Granted, the wedding is "a really big show" as Ed Sullivan would state. The Brits do pomp and circumstance so well.  Somehow, the British royal family is still quite revered everywhere, even in the Hollywood scandal-loving United States. Is this a throwback to earlier days and respect for an important motherland? Maybe William and Kate are also just actors on the world's stage.

Maya Jasanoff, John L. Loeb associate professor of social sciences at Harvard University, says, "I suppose the monarchy is safe for us to admire: We don't have to live with the inequality that it manifestly represents; but we can still feel connected to the tradition and enjoy the pomp."

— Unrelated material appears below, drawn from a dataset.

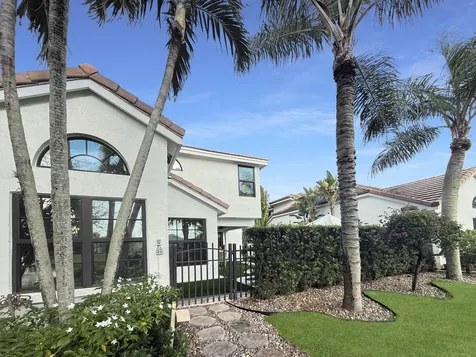 240 Sherwood Forest Drive Delray Beach FL 33445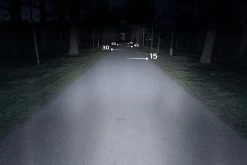 AXA Blueline 30 T - Fietslamp Voorlicht - LED Koplamp - Auto On Fietsverlichting – Steady - Dynamo - 30 Lux -Fietsonderdelen Winkel 1200x800 226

Jasanoff continues, "I can only imagine that as Americans and so many others around the world right now live in uncertain times, there is something appealing about remembering a moment when it seemed so clear what was right and what was wrong, and when people could come together around common causes." (Joseph Neese, "The Royal Wedding: Why It Matters," WorldNow WSFA, April 27 2011)

Debra Caruso, founder and head of DJC Communications, reports, “More of us are waiting to see how Jon Stewart, David Letterman and Stephen Colbert will frame the event,” Caruso tells the Christian Science Monitor, “We’re attracted to the negative. Will there be a slip-up? Will someone mouth words on camera that will make headlines? Guaranteed, the fashion ‘don’ts’ will make more news than the fashion ‘dos.’” (Laura Donovan, "Royal Wedding Is Unimportant Noise To Many..." The Daily Caller, April 26 2011)

British historian and Harvard University professor Niall Ferguson told The Daily Caller that he did not wish to comment on the royal wedding at all because it was of no interest to him.

David J. Phillips of the United Kingdom tells CBS News of the wedding, “It’s just noise — more noise — and a lot of noise. That’s it.”

"The NoNonsense Man” Marc H. Rudov, a radio and television personality, says that the “royal wedding obsession is mystifying” since so many Americans are staying single rather than tying the knot. “So, many folks are clueless about the historical significance of the British monarchy — let alone any monarchy,” Rudov said, citing a Marist poll that found 26 percent of Americans do not know that America won independence from England. “In my opinion, the key reason people will watch the Royal Wedding is that, like ‘American Idol,’ it’s a big show on TV, driven by buzz, glitz, peer pressure and vicarious envy.” (Laura Donovan, "Royal Wedding Is Unimportant Noise To Many..." The Daily Caller, April 26 2011)

According to a recent CBS poll, only three in 10 Americans say they’re very or somewhat engaged with the pre-wedding news. Thirty percent report they’re following it, but not intensely, and 42 percent say they’re not paying any attention to the spectacle. So, you judge. Is the royal wedding such a big deal in America?

Let's gauge reality here. OK, the royal wedding is the Super Bowl of nuptials. If you're into the Big Show, you will likely take the bait and enjoy the swim. But, really, isn't the wedding a prelim to what potentially happens after the "I do's"?

Just wait, U.K., a million American reporters crave to cover the couple's first missteps and struggles. Good luck, royal couple. Your union is is set to "mega-size" and your everyday movements will be under the largest microscopes operated by yellow journalists. I don't think I will watch live - there will be tons of reruns for weeks to come.